Although other screening devices have been attempted in the past, the critical challenge in screening for amblyopia is the need to know exactly where each eye is looking and whether each eye is focused. Only with that information is it possible to make the highly accurate measurements that can reveal the disorder. Older children can be told where to look, but pre-verbal children cannot, and this greatly reduces the window of opportunity for identifying amblyopia early.

The Johns Hopkins–developed scanner uses a novel and patented technique known as retinal birefringence scanning. It is the first and only technology that allows precise identification of the direction of gaze using information gleaned from the fovea, the most sensitive part of the retina, located in the back of the eyeball near the optic nerve.

The screening device that Gramatikov is developing will be held about 12 inches from the eyes, allowing remote examination of a child without head restraint, so that the child can be seated in a parent’s lap or in a high chair. In a semidarkened room, the operator will activate a small flashing light and beeping sound that will draw the child’s attention and eye focus. As the child looks at the light, the device will take repetitive readings each half-second, and will signal the operator when a successful measurement is completed.

“The real challenge is to get the 3-year-olds to look at the target,” said Gramatikov, who notes that although the operation of the device will be simple enough for a nonspecialist to use, the technology behind it incorporates basic research, clinical validation and a strong translational component.

“This work is very diverse and interdisciplinary,” Gramatikov said, “involving the anatomy of the eye at the microscopic level, medical knowledge, biophysics, optics, optomechanics, computer modeling, electronics, optoelectronics, computer science, programming, signal processing, instrument design, user interface, safety issues and so on.” The development of the pediatric vision scanner will build on previous laboratory work he has done with Johns Hopkins collaborators David Guyton, David Hunter and Kristi Irsch.

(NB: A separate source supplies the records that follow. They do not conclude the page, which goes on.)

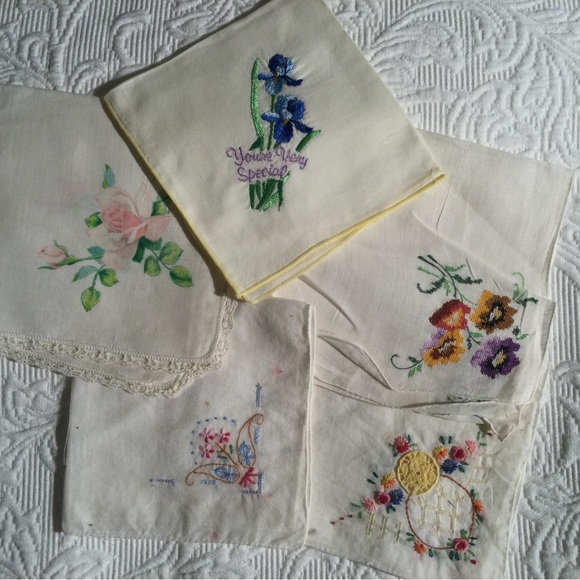 Vintage handkerchiefs - Picture 5 of 5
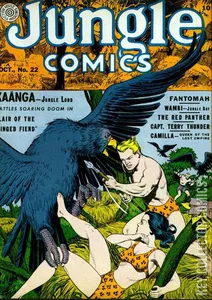 Jungle Comics #22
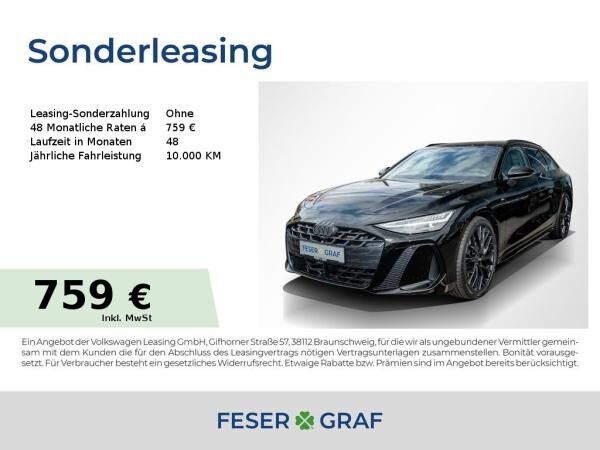 Audi A6 Av. TDI qu. edition one/Matrix/adAir/B&O/HuD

The Hartwell Foundation each year selects 10 research institutions to participate in its grant competition. In 2010 it extended an invitation to Johns Hopkins to nominate four faculty researchers to submit proposals for the Individual Biomedical Research Award, an invitation Hopkins has received and accepted every year since the awards program began in 2006. Researchers from Johns Hopkins have been named Hartwell Investigators in each of the past four years.

The Hartwell Foundation recognizes research institutions that fully participate in the nomination process with funding for a Hartwell Fellowship, which supports one postdoctoral fellow of their choice who exemplifies the values of the foundation. The award supports scientists in the early stages of biomedical research careers by enabling them to pursue further specialized training as part of their career development. Eric Meisner, a postdoc in the Whiting School’s Department of Computer Science, was selected by Johns Hopkins to receive the 2009 Hartwell Fellowship, which provides direct support of $50,000 annually for two years. Meisner’s goal is to develop a less invasive, more accurate way to diagnose and treat stenosis, a narrowing of the airway just below the level of the vocal cords in infants and children.